[Supplied data Boundary: Start]

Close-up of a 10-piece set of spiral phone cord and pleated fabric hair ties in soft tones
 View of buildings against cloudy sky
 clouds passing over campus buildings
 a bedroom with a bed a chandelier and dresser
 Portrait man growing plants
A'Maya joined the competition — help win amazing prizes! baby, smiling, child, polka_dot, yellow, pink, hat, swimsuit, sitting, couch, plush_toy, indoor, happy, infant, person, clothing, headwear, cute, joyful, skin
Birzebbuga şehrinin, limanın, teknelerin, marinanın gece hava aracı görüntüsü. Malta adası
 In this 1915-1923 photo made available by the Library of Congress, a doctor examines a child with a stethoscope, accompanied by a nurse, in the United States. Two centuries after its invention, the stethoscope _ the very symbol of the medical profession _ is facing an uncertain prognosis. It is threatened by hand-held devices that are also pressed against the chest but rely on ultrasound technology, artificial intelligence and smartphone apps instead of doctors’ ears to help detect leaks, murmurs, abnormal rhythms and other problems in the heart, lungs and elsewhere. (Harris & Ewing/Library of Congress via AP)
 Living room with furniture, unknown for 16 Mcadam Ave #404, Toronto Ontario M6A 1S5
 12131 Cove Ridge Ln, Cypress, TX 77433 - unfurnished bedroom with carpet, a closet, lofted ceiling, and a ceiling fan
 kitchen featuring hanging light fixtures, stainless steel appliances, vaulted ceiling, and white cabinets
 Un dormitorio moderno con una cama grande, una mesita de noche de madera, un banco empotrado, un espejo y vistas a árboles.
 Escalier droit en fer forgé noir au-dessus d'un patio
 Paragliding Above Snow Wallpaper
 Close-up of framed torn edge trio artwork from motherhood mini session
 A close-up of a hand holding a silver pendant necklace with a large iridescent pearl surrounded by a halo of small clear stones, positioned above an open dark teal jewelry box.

[Supplied data Boundary: End]

Activity:
Every record should be printed again exactly as it reads.

Answer space:
Close-up of a 10-piece set of spiral phone cord and pleated fabric hair ties in soft tones
 View of buildings against cloudy sky
 clouds passing over campus buildings
 a bedroom with a bed a chandelier and dresser
 Portrait man growing plants
A'Maya joined the competition — help win amazing prizes! baby, smiling, child, polka_dot, yellow, pink, hat, swimsuit, sitting, couch, plush_toy, indoor, happy, infant, person, clothing, headwear, cute, joyful, skin
Birzebbuga şehrinin, limanın, teknelerin, marinanın gece hava aracı görüntüsü. Malta adası
 In this 1915-1923 photo made available by the Library of Congress, a doctor examines a child with a stethoscope, accompanied by a nurse, in the United States. Two centuries after its invention, the stethoscope _ the very symbol of the medical profession _ is facing an uncertain prognosis. It is threatened by hand-held devices that are also pressed against the chest but rely on ultrasound technology, artificial intelligence and smartphone apps instead of doctors’ ears to help detect leaks, murmurs, abnormal rhythms and other problems in the heart, lungs and elsewhere. (Harris & Ewing/Library of Congress via AP)
 Living room with furniture, unknown for 16 Mcadam Ave #404, Toronto Ontario M6A 1S5
 12131 Cove Ridge Ln, Cypress, TX 77433 - unfurnished bedroom with carpet, a closet, lofted ceiling, and a ceiling fan
 kitchen featuring hanging light fixtures, stainless steel appliances, vaulted ceiling, and white cabinets
 Un dormitorio moderno con una cama grande, una mesita de noche de madera, un banco empotrado, un espejo y vistas a árboles.
 Escalier droit en fer forgé noir au-dessus d'un patio
 Paragliding Above Snow Wallpaper
 Close-up of framed torn edge trio artwork from motherhood mini session
 A close-up of a hand holding a silver pendant necklace with a large iridescent pearl surrounded by a halo of small clear stones, positioned above an open dark teal jewelry box.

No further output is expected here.